The Smitten Kitchen Cookbook: Inspired Recipes for Hard-to-Inspire Cooks (That's Me)
Molly Dunn really needs to stop writing about cookbooks, because I'm going broke and gaining weight. That goes for you, too, Patrise Shuttlesworth! Photos by Christina Uticone Not only are the photos by Christina Uticone, SO IS THE FOOD.
I was browsing the shelves at Brazos Bookstore less than two weeks ago, and mentioned to manager Jeremy Ellis how much I had enjoyed the cookbook Plenty, which I picked up after Patrise recommended it here on EOW.

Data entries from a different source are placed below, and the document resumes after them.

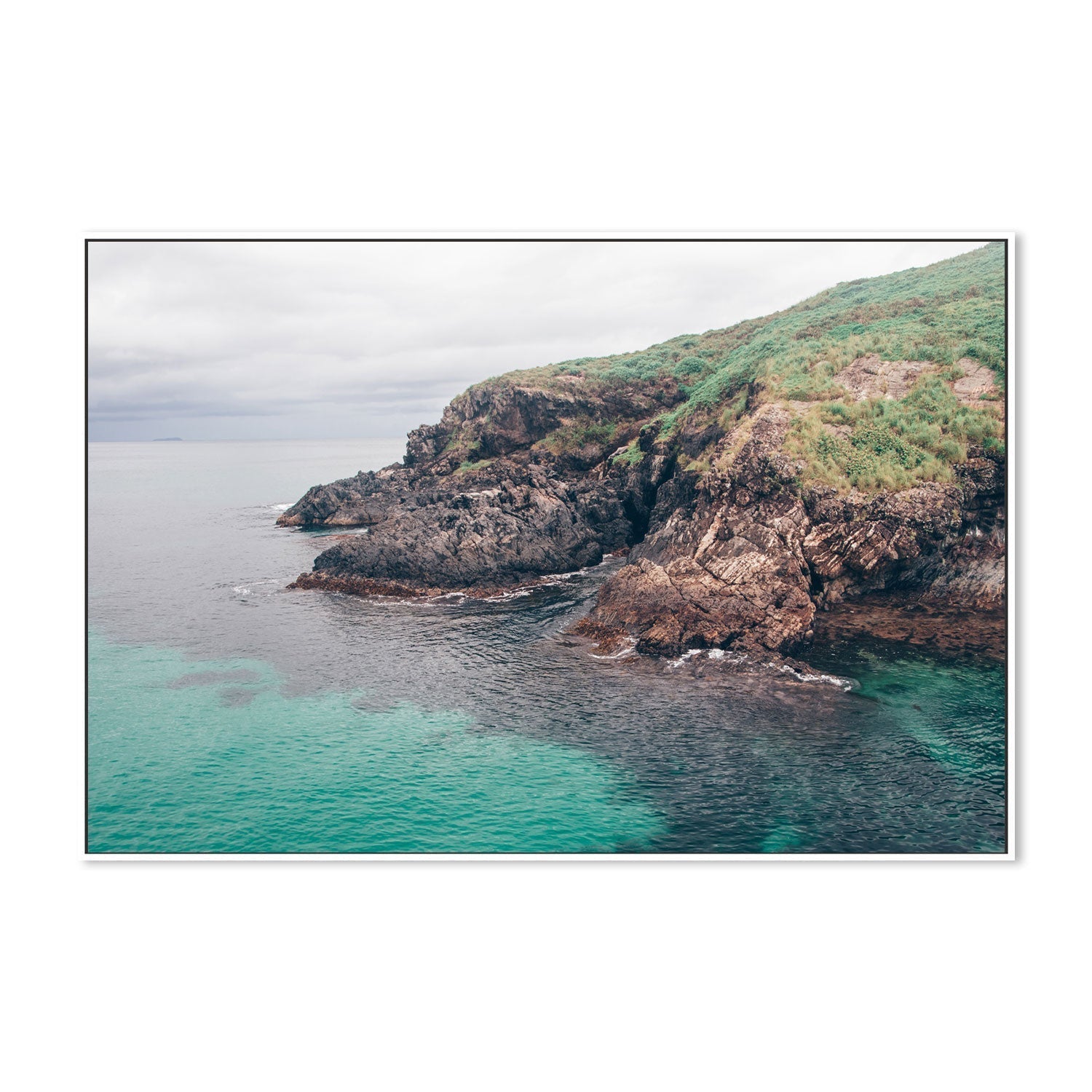 wall-art-print-canvas-poster-framed-Mutton Bird Island, Mutton Bird Island, New South Wales , By Earth Sea & Me , By Earth Sea & Me-GIOIA-WALL-ART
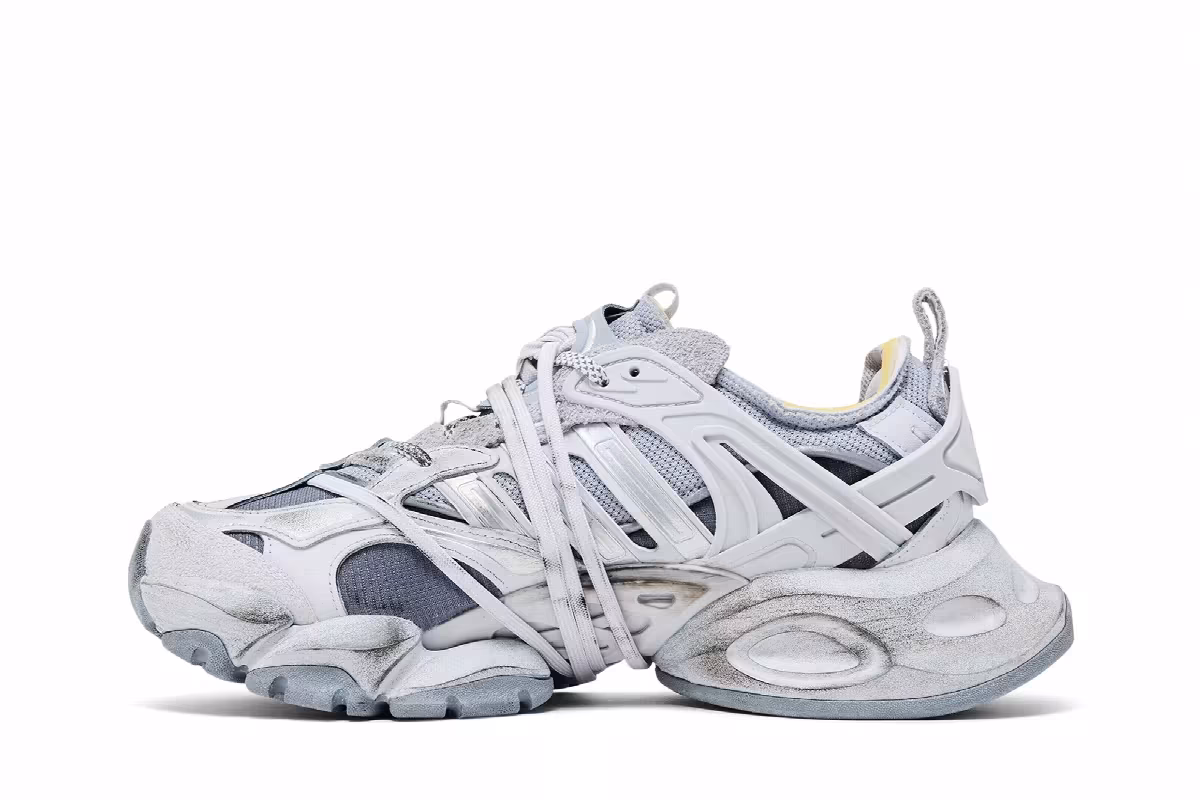 adidas XLG Runner Deluxe Gray Silver Metallic, view 4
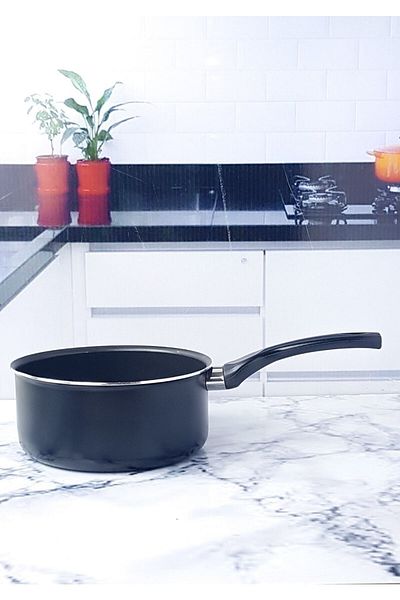 papilla 18 Cm Frying Pan with Panda, Sauce Pan, Sauce Pot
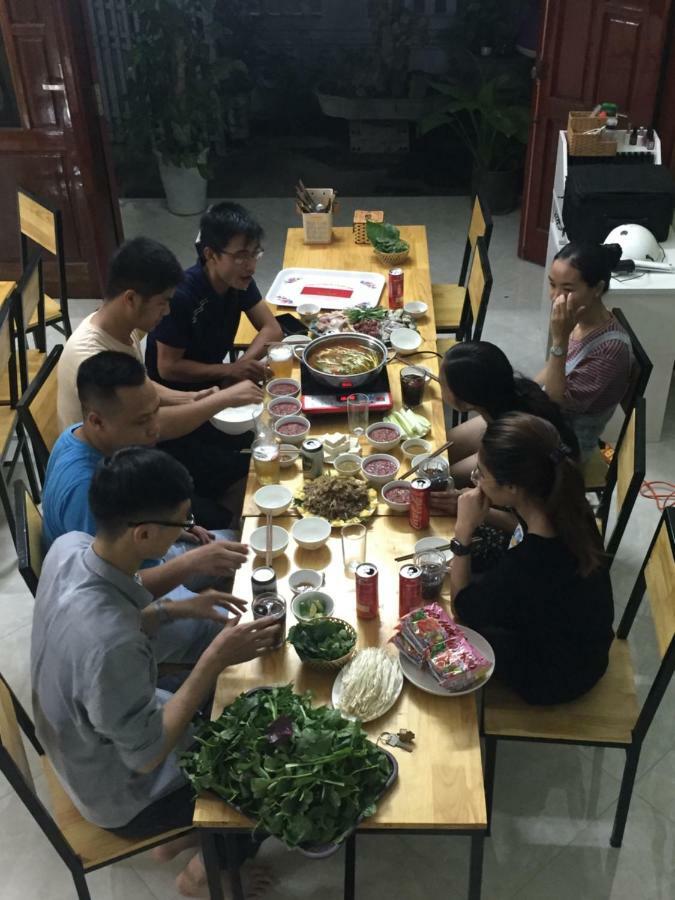 Anh Homestay Ninh Binh Eksteriør bilde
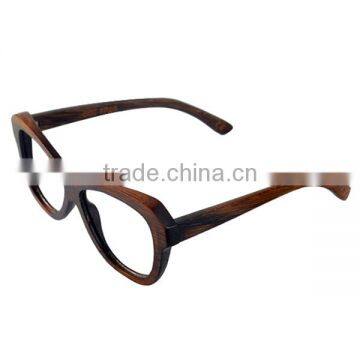 Funny Black Ebony Wood Frame For Sunglasses photo-2
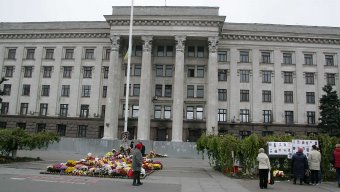 Министр иностранных дел Дании Мартин Лидегорд возложил цветы на Куликовом поле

"Have you seen The Smitten Kitchen?" Jeremy asked, leading me over to a display. As I flipped through the pages, Jeremy mentioned that one thing that really sets The Smitten Kitchen apart is what a great read it is -- SOLD.
Since purchasing the book 13 days ago, I have been reading it during between conference calls. I brought it to the gym. I baked a cake on a Monday, and then baked the same cake all over again the next Friday, after we had finished the first one.
To say that I am obsessed is an understatement.
I am not a confident cook, although I am leaps and bounds ahead of where I was just a few years ago. Part of the problem is that I started cooking so late in life, and part of the problem is my type-A personality, which causes me to panic and hyperventilate at the thought of not following a recipe exactly. Kitchen improvisation is not my strong suit.Meatloaf Meatballs with Tomato Glaze. I managed to photograph ONE before they were gone.
The Smitten Kitchen is a cookbook written by home cook/blogger Deb Perelman, who developed all of her recipes in a teeny-tiny New York City kitchen. Her writing is warm and inviting, lightly self-deprecating, and full of stories about her own recipe substitution hits and misses. Perelman's stories have given me (or at least encouraged) a certain level of confidence in myself I didn't possess before. It doesn't hurt that so many of her recipes include ingredients we regularly keep on hand, and that she includes common substitutions in the footnotes.
The chapters include: Breakfast, Salads, Sandwiches/Tarts/Pizzas, Main Dish (Vegetarian & Meat Eaters), Sweets (cookies, pies, etc.), and Party Snacks & Drinks. Her recipes are set up in paragraph form rather than bullet points, which some Amazon reviewers didn't like but I didn't mind at all. What I really love about the book, though, are the chapters on measurements (including a conversion guide, HOLLA!), her tips, and her assessment on stocking a kitchen with gear and gadgets. She works in a small space, so her choices and reasoning are interesting -- even if you have room for a zillion appliances, it's still very informative.